Stick to Christ Jesus and you cannot go wrong.
in prayer to his Father, Jesus said: "I have made your name known to them and will make it known." (John 17:26).
Yes, sticking to the teachings of Jesus is the way to go and taking the name of God out of the bible would not be inline with Gods purpose or Jesus himself .
and Gods name was very important in the eyes of Jesus. and in prayer to his father he said,
“I have made your name manifest to the men you gave me out of the world. They were yours, and you gave them to me, and they have observed your word. John 17;6
Why is the divine name in its full form not in any available ancient manuscript of the Christian Greek Scriptures?
The so-called Christians, then, who “replaced the Tetragrammaton by kyrios” in the Septuagint copies, were not the early disciples of Jesus. They were persons of later centuries, when the foretold apostasy was well developed and had corrupted the purity of Christian teachings.—2Th 2:3; 1Ti 4:1.
It evidently took place in the centuries following the death of Jesus and his apostles.

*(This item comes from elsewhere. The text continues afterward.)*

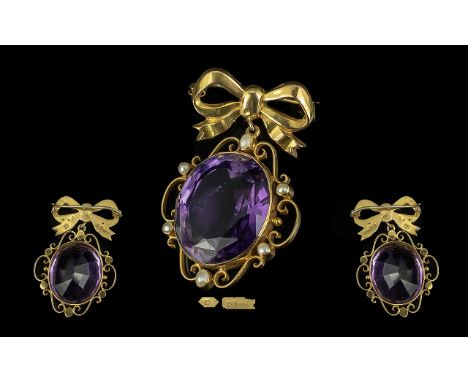 A Superb Quality 9ct Gold Bow - Ribbon Amethyst and Seed Pearl Set Ornate and Pleasing Designed Brooch. Full Hallmark for Che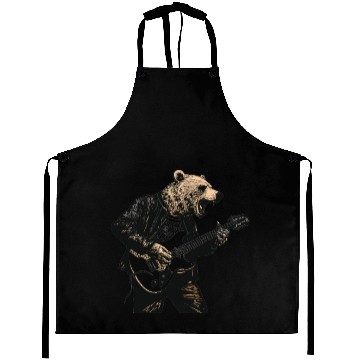 Discover Grizzly Bear Playing Guitar Aprons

Commenting on the fact that the oldest fragments of the Greek Septuagint do contain the divine name in its Hebrew form, Dr. P. Kahle says: “We now know that the Greek Bible text [the Septuagint] as far as it was written by Jews for Jews did not translate the Divine name by kyrios, but the Tetragrammaton written with Hebrew or Greek letters was retained in such MSS [manuscripts]. It was the Christians who replaced the Tetragrammaton by kyrios, when the divine name written in Hebrew letters was not understood any more.” (The Cairo Geniza, Oxford, 1959, p. 222)
Restoration of the divine name in translation.
Recognizing that this must have been the case, some translators have included the name Jehovah in their renderings of the Christian Greek Scriptures. The Emphatic Diaglott, a 19th-century translation by Benjamin Wilson, contains the name Jehovah a number of times, particularly where the Christian writers quoted from the Hebrew Scriptures. But as far back as the 14th century the Tetragrammaton had already begun to be used in translations of the Christian Scriptures into Hebrew, beginning with the translation of Matthew into Hebrew that was incorporated in the work ’E′ven bo′chan by Shem-Tob ben Isaac Ibn Shaprut. Wherever Matthew quoted from the Hebrew Scriptures, this translation used the Tetragrammaton in each case of its occurrence. Many other Hebrew translations have since followed the same practice.